**YOUR TASK**
Look through the material below. Return exactly the lines from the one with "Hallmarked sterling silver" through the one with "Massage Audio Learning Tool screenshot 4", both included.

**DATASET EXCERPTS**
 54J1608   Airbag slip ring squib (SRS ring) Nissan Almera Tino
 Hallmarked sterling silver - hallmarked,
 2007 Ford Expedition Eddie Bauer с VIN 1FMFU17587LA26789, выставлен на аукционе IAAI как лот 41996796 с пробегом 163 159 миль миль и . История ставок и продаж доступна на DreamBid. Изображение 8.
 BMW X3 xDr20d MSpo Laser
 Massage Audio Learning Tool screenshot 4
==
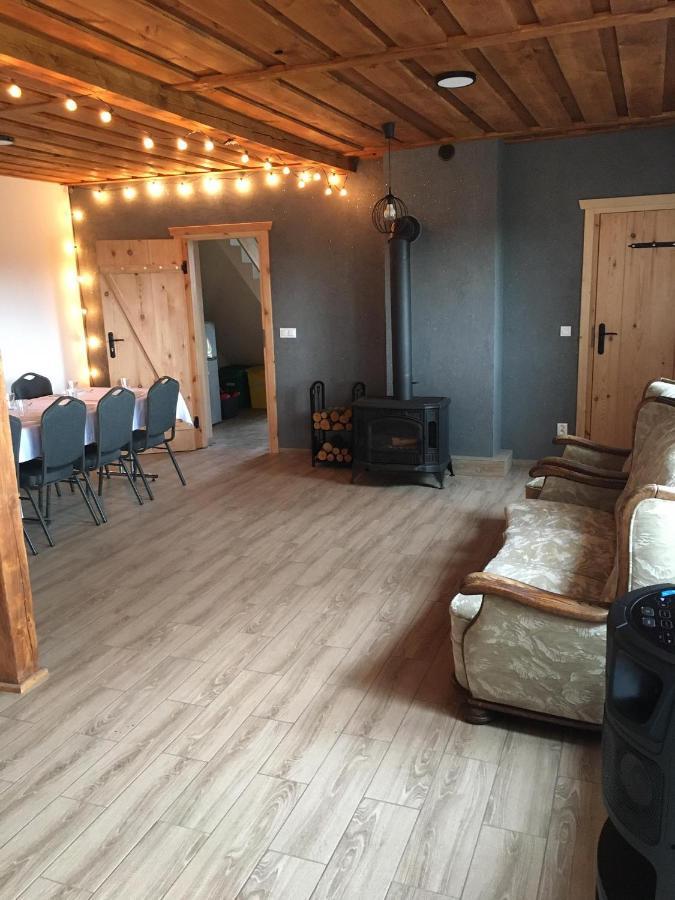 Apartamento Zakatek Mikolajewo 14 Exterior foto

**ANSWER TO THIS PROBLEM**
 Hallmarked sterling silver - hallmarked,
 2007 Ford Expedition Eddie Bauer с VIN 1FMFU17587LA26789, выставлен на аукционе IAAI как лот 41996796 с пробегом 163 159 миль миль и . История ставок и продаж доступна на DreamBid. Изображение 8.
 BMW X3 xDr20d MSpo Laser
 Massage Audio Learning Tool screenshot 4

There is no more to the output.